According to the outline, each grade for a subject will consist of three parts.
The first part will consist of an external exam (35% of the study material), the second part will be made up of two tasks testing practical application (also 35%), and the last part will be a grade given by the school.
“Today we present the flexible graduation program that will return school subjects to their rightful place,” Kisch said. “The combination of an external matriculation exam together with contemporary skills is the right way for Israeli students. The Education Ministry under my leadership sees great importance in administrative flexibility that allows individual choice and adjustment according to the characteristics of schools and students.”
The old program included only two parts, one being an exam testing 70% of the study material, and the rest being a school grade.
Schools will be able to decide if they want to use the old or the new program in each subject.
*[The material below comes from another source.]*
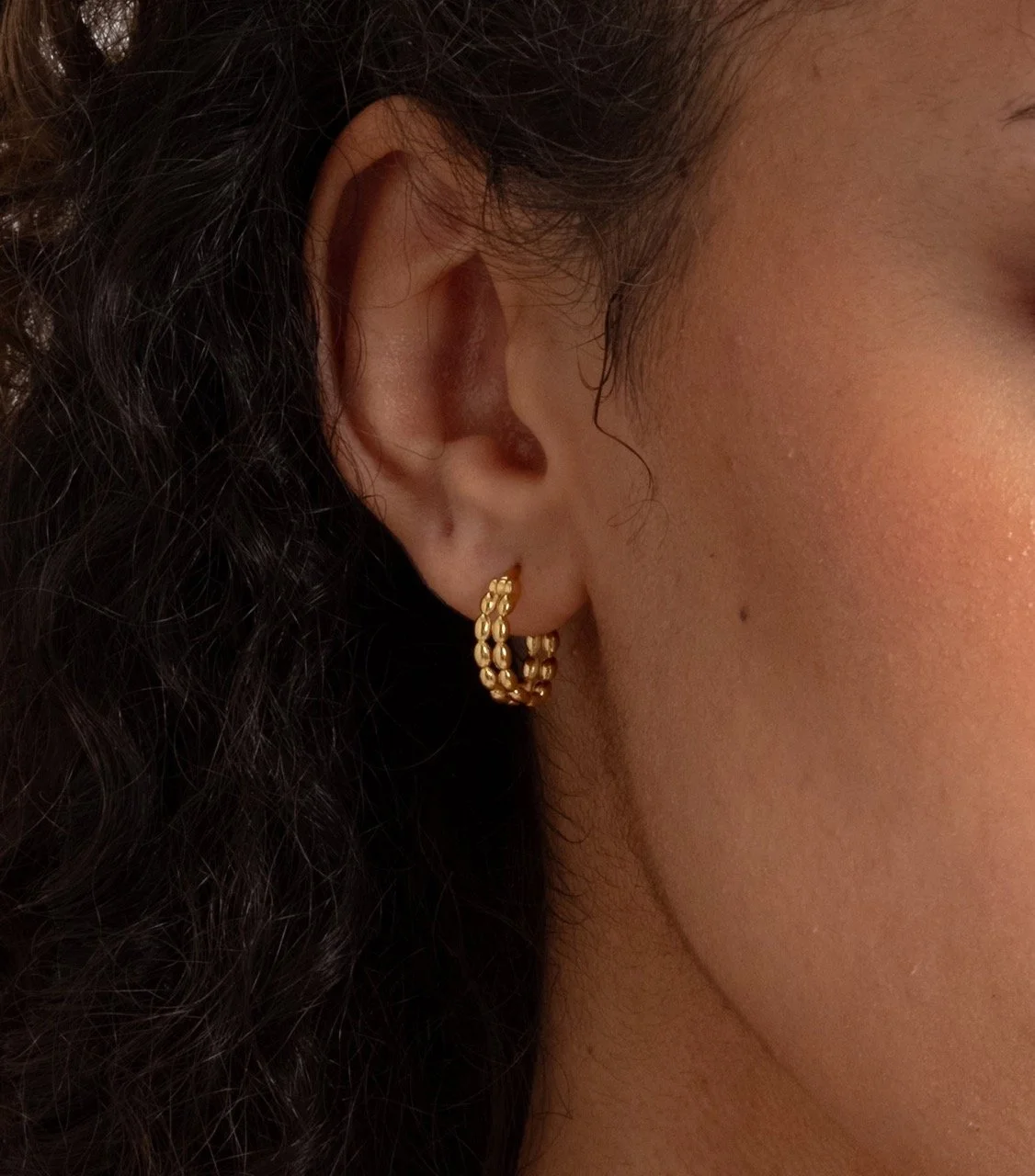 Syster P Ohringe Lunetta in Gold.jpeg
Principals will also be able to decide to begin some of the exams in the 10th grade, as part of adjusting workload management for individual students.
The new program will be applicable for the subjects of society, heritage and humanities, including Tanach, history, citizenship and literature.
The program was formulated after long consultations with principals, teachers, supervisors, students and the Teachers Union.
“I believe that the studies of social subjects and the humanities serve as a uniting tool with which values, culture and tradition can be instilled,” said Kisch. “These cornerstones are the basis of our existence as a people and make up our national identity.”
Chairman of the Organization of High School Teachers Ran Erez praised Kisch and the ministry for the planned changes.
“After we were given the main points of the reform in the curriculum, which includes bringing back the external matriculation exams in all subjects and necessary changes in the learning methods, we welcome it.”
The National Council of Students and Youth criticized the plans, which according to them “sends the students back to learning based on memorization, as was customary 50 years ago, a method that is not relevant to today’s reality that requires other skills.
“In recent months, the National Student and Youth Council has suggested to senior officials of the ministry and the education minister that we should not go back to the era of 11 external matriculation exams, that we should not teach heritage without deepening values and that we should not increase the load at the expense of depth, but unfortunately the Education Ministry chose to ignore our pleas,” the organization said.
Former education minister Yifat Shasha-Biton said students, parents and teachers would pay the price for Kisch’s changes.
Also, the Teachers Union announced on Tuesday that classes for the 11th grade will begin at 12 p.m. on Wednesday, due to a failure to negotiate better salary and working conditions.